徒然
@La_Souffrance
1900年1月1日
複眼人
呉明益,
小栗山智
読み終わった
装丁に惹かれて読み始めたけれど、文章が想像以上に凄かった。頭の奥が痺れるような感覚。
作者が環境問題に関心のある人らしいけれど、読むあいだはそれに関連付けて読み解くことはせず、ただ流れに身を任せてページをめくった。
読後なんとなくSEKAI NO OWARIの虹色の戦争という曲を思い出した。
それから自然と、作者が環境問題をどう考えているのかに思いを馳せた。多声的に描くことで、二項対立が緩まる気がした。しかしなんというか、多くの登場人物が現れるものの、それぞれが役割的だったり、限られた人間関係の中で描かれていたりする印象もあり、それの意味を測り兼ねている(意味……というのは言葉が過ぎるけれども)。
以下は環境問題以外の感想
アトレや先住民の人々など、自然とともに生きる者たちの描写を美しいと感じると同時に、どこか後ろめたさを覚えた。

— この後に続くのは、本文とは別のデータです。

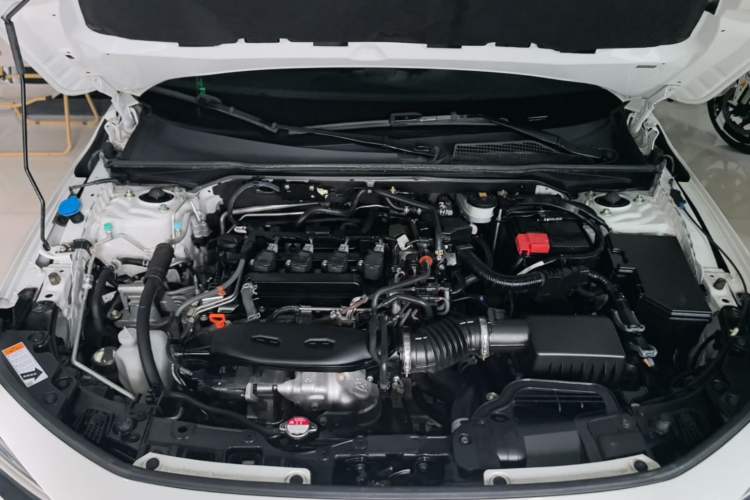 Used Honda Civic 2022 240TURBO CVT Dynamic Edition Engine Bay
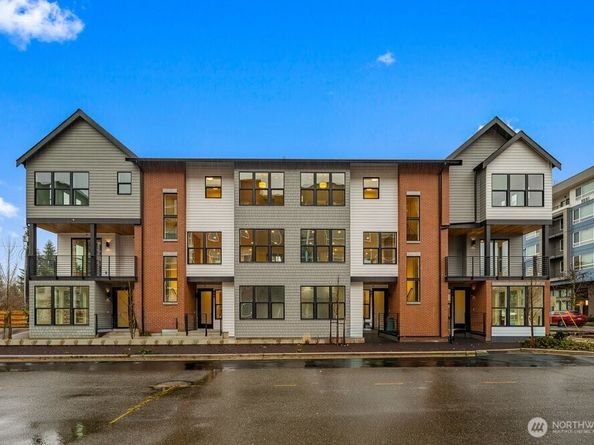 976 7th Ave NW (Homesite #6), Issaquah WA 98027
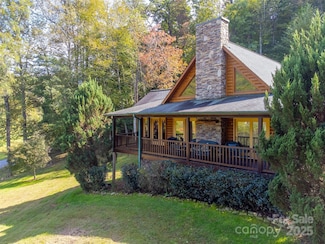 25 Black Oak Dr, Hayesville, NC 28904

なぜなら文明の側に立つ私は、ときに自然と共にある他者を理想化し、純粋さや調和をそこに投影する。そうしたロマン化のまなざしは、一見すると共感のようでいて、支配の歴史と隣り合わせにある可能性をもつ。「自分たちは文明化された存在である」「彼らは自然に生きる原初的存在である」という上下関係や、「自然と共に生きることこそ素晴らしい」というような美化というかたちをとった支配。自分が感じた憧憬がこれに近いものなんじゃないかと思って。